◆ WORK TO COMPLETE: Only the lines from the one containing "SharePoint: Create Custom" through the last line of the entries are wanted. Transcribe them exactly.

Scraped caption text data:
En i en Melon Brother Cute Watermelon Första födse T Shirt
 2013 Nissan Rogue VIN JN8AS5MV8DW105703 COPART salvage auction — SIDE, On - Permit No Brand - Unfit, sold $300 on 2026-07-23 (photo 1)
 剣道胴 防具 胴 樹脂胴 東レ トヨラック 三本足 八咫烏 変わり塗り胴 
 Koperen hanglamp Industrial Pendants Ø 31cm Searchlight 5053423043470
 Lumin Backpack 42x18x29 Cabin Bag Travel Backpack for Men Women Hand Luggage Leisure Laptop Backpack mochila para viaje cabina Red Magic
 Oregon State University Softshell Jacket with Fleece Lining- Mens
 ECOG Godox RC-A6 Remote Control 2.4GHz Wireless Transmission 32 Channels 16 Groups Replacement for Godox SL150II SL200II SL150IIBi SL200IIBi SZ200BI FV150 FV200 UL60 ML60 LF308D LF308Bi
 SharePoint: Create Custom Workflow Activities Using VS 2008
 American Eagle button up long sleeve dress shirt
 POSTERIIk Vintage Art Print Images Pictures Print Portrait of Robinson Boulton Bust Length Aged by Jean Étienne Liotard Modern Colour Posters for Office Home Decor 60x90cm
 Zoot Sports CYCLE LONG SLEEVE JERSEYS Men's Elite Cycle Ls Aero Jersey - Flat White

◆ TASK OUTPUT:
 SharePoint: Create Custom Workflow Activities Using VS 2008
 American Eagle button up long sleeve dress shirt
 POSTERIIk Vintage Art Print Images Pictures Print Portrait of Robinson Boulton Bust Length Aged by Jean Étienne Liotard Modern Colour Posters for Office Home Decor 60x90cm
 Zoot Sports CYCLE LONG SLEEVE JERSEYS Men's Elite Cycle Ls Aero Jersey - Flat White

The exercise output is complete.